Como buena leo, mi gran defecto es el orgullo. No es que yo crea demasiado en el horóscopo, pero desde luego en esto da en el clavo; tengo un orgullo de esos que antiguamente se denominaban `demoniacos´. En otras palabras, soy capaz de hacer verdaderas estupideces cuando alguien hiere mis sentimientos o me siento ninguneada.
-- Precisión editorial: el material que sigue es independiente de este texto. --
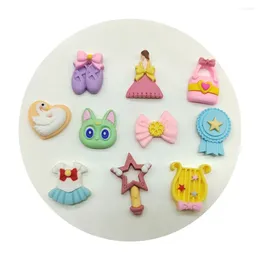 장식용 꽃 20/50/100pcs 혼합 수지 만화 공주 마법 스틱 보우 노트 플랫 백 카보콘 스크랩북 Kawaii DIY 장식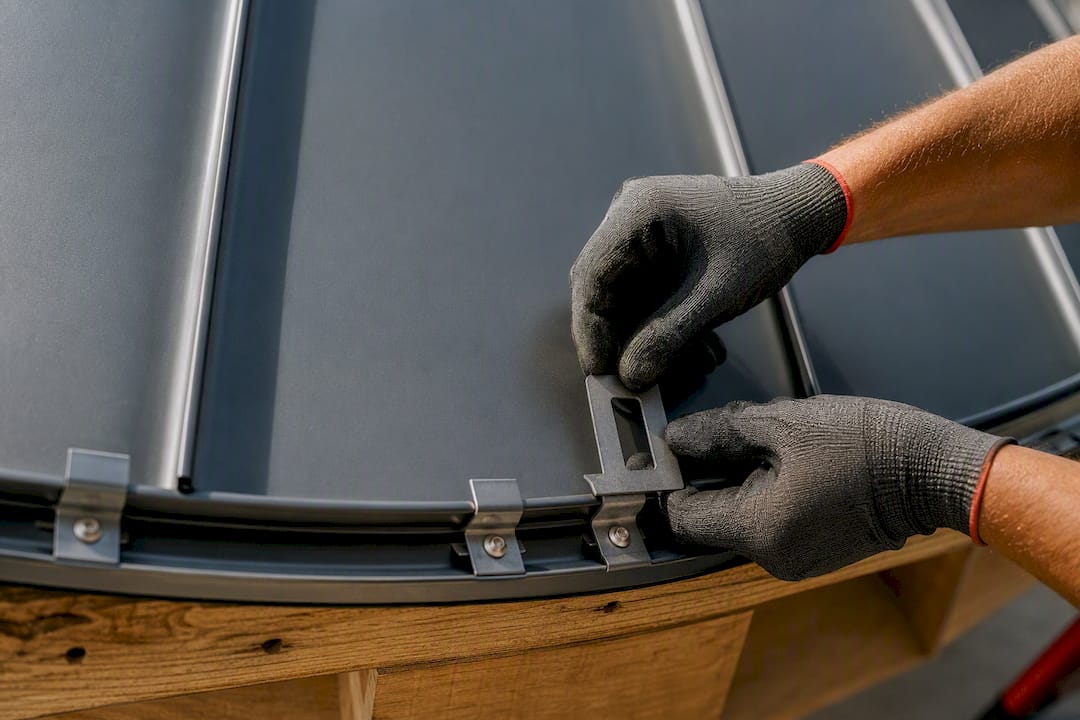 Worker checking clip spacing on curved seam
Hasta ahora siempre había considerado este rasgo de mi carácter como algo muy negativo (ni se imaginan las cosas que he hecho por orgullo magullado), por eso ha sido una sorpresa encontrar un artículo en un periódico norteamericano que descubre que el orgullo no sólo es positivo, sino que es una inestable virtud.
Por lo visto, con esto de la traída y llevada crisis, psicólogos de diversas universidades se han dedicado a estudiar las distintas actitudes de las personas que se quedan sin trabajo. «Mire usted a su alrededor en las plataformas de los trenes de cercanías, en la parada del autobús, en la calle», dice uno de esos estudios. «Es muy posible que lo que estén haciendo muchos yuppies que vea por ahí con trajes de Armani, tirantes superfashion y cara de muy ocupado es apresurarse, no hacia sus carísimos despachos, sino hacia la cafetería de la esquina.» ¿Engaño? ¿Una forma patética de ocultar que están en la calle? Según los psicólogos, esta actitud, lejos de ser frívola y engañosa, es una muy eficaz estrategia que remite a mecanismos mentales perfectamente justificados, que podríamos llamar ‘la estrategia del orgullo’. Hasta ahora, el orgullo, como estrategia social, no había sido especialmente estudiado. Frente al miedo, el júbilo y otras pulsiones humanas, el orgullo se consideraba demasiado variable según las diversas culturas como para medir su eficacia.
Se ha descubierto, sin embargo, que, contrariamente a lo que se cree, las expresiones de orgullo –elevar la barbilla o poner los brazos en jarras, por ejemplo– son idénticas en todas partes del mundo. Durante las Olimpiadas de 2004 se estudió, además, que las demostraciones de triunfo (alzar los brazos, golpes en el pecho con los puños cerrados, etcétera) eran idénticas en atletas de los cinco continentes y también las manifestaban los atletas ciegos paralímpicos. El estudio fue más allá y descubrió algo completamente inesperado: que la gente asocia una expresión de orgullo al éxito, aun cuando quien la realice sea una persona de menor consideración social, mientras que a un supuesto líder que se muestre avergonzado se tiende a despreciarlo. Todas estas interesantes observaciones se han puesto ahora en relación con la actitud que las personas adoptan ante la adversidad, ante la pérdida del empleo, por ejemplo, o ante la ruina económica o un revés amoroso. Y al hacerlo se ha comprobado que poner «al mal tiempo buena cara» no es sólo una bonita frase, sino una muy eficaz estrategia. Lo es porque el orgullo (hablamos siempre del orgullo sano, no de la soberbia o la arrogancia) no sólo proyecta una imagen positiva, sino que actúa como un imán sobre los demás. En efecto, según estos recientes estudios, una imagen de orgullo denota una sensación de seguridad, de valía personal. Además, los psicólogos han descubierto que fingir una actitud de orgullo irradia una imagen de seguridad que, a su vez, hace sentir más seguro al fingidor. Todo esto se debe, por lo visto, a que el orgullo engendra perseverancia. Y la perseverancia es, por lo menos en mi experiencia, mucho más útil que la inteligencia, e incluso que la preparación, a la hora de alcanzar cualquier objetivo. Tal vez por eso yo, a pesar de que siempre he considerado mi orgullo un gran defecto, si soy sincera y miro para atrás en mi vida, me doy cuenta de que, así como me ha hecho cometer algunas tonterías, también me ha ayudado muchísimo. Como ya les he contado alguna vez, ni se imaginan la de metas que he alcanzado sólo por darles en las narices a unos cuantos.
¿Orgullo hipertrofiado el mío? Sin duda, pero ahora por fin comprendo eso que tanto se dice de que todo el mundo tiene los defectos de sus virtudes (y viceversa).